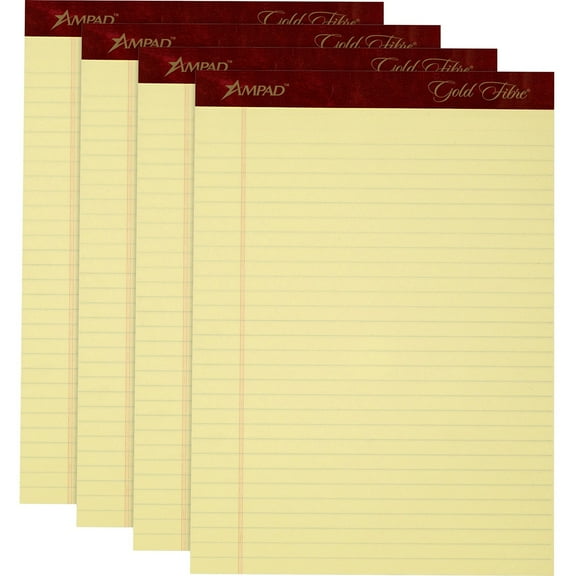 Gold Fibre Writing Pads, Wide/legal Rule, 50 Canary-Yellow 8.5 X 11.75 Sheets, 4/pack | Bundle of 5 Packs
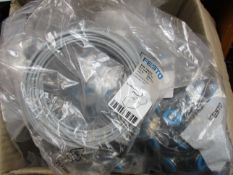 One box containing a quantity of assorted Festo components to include 153132 Threaded-to-Tubes
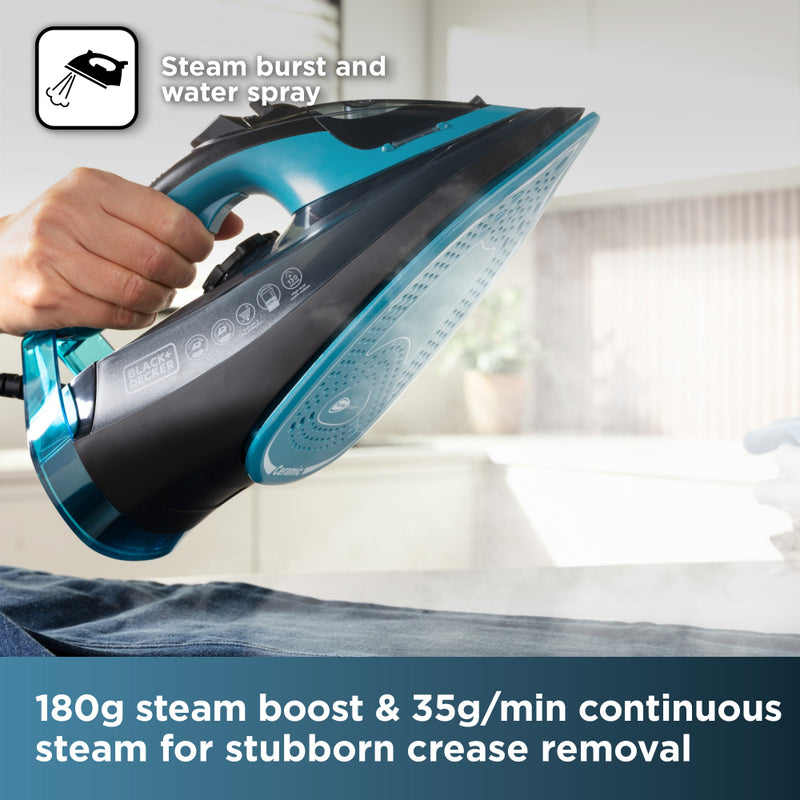 Black+Decker Steam Iron 2600w  - Aqua Blue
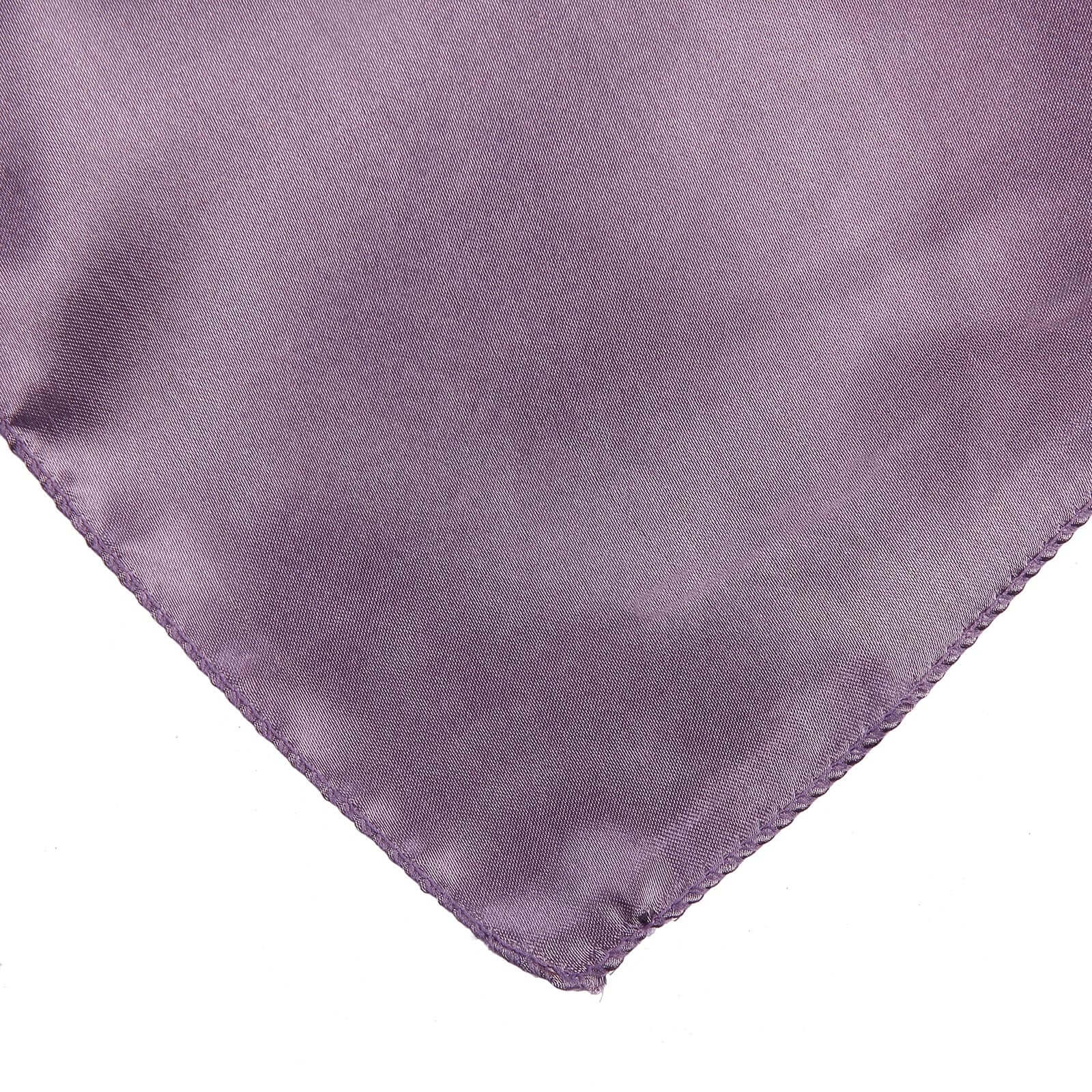 Exclusive 72x72 Violet Amethyst Satin Square Table Overlay with Smooth Finish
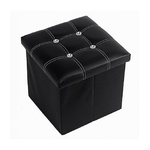 Cleafe-pouff Puff Pouf Contenitore Imbottito Portaoggetti Nero Strass 30x30x30 Cm 79433 -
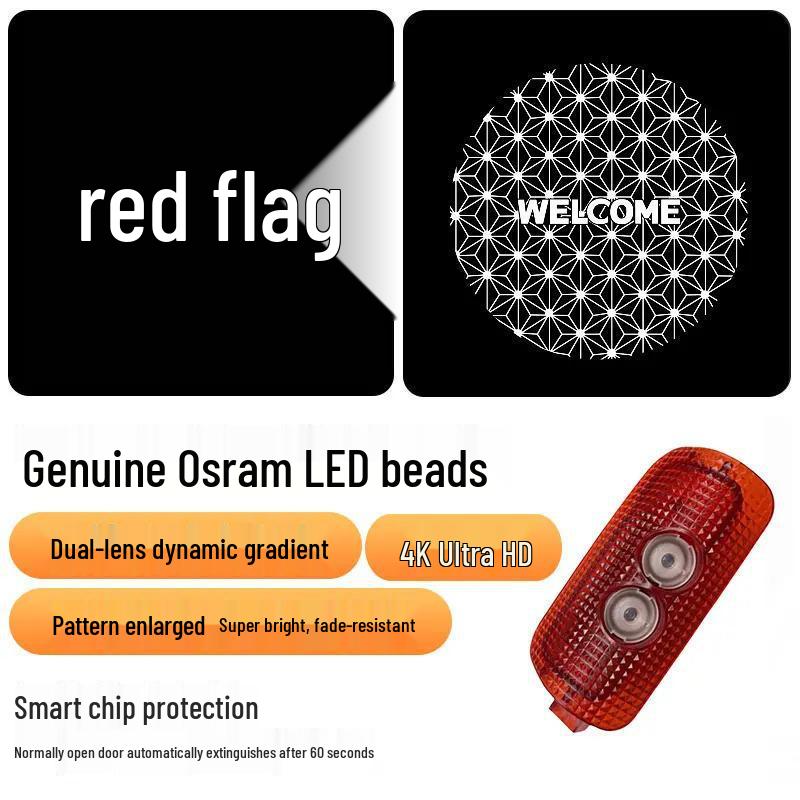 Динамическая подсветка приветствия для автомобилей Hongqi H5/H6/H7 2023-2025 гг., проекция на дверь автомобиля, внутренняя отделка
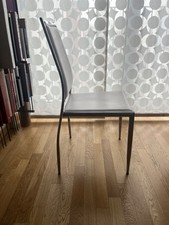 8 Sedie In Pelle/Cuoio Bianche Acciaio Cromate No Spedizione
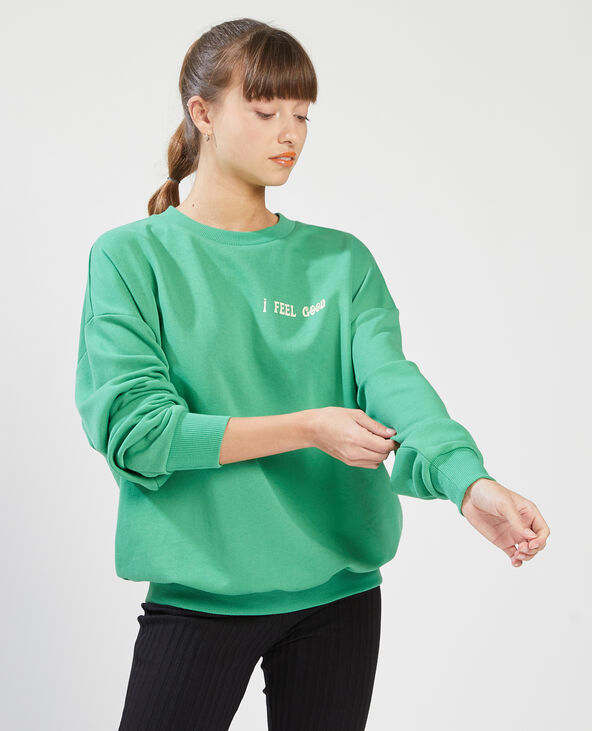 Sweat col rond vert olive - Pimkie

------------------------------

- _What to work on_
The lines from the one containing "Динамическая подсветка приветствия" through the end of the data above are to be copied exactly, both ends included, and pictures are to be omitted.

- _Answer box_
 Динамическая подсветка приветствия для автомобилей Hongqi H5/H6/H7 2023-2025 гг., проекция на дверь автомобиля, внутренняя отделка
 8 Sedie In Pelle/Cuoio Bianche Acciaio Cromate No Spedizione
 Sweat col rond vert olive - Pimkie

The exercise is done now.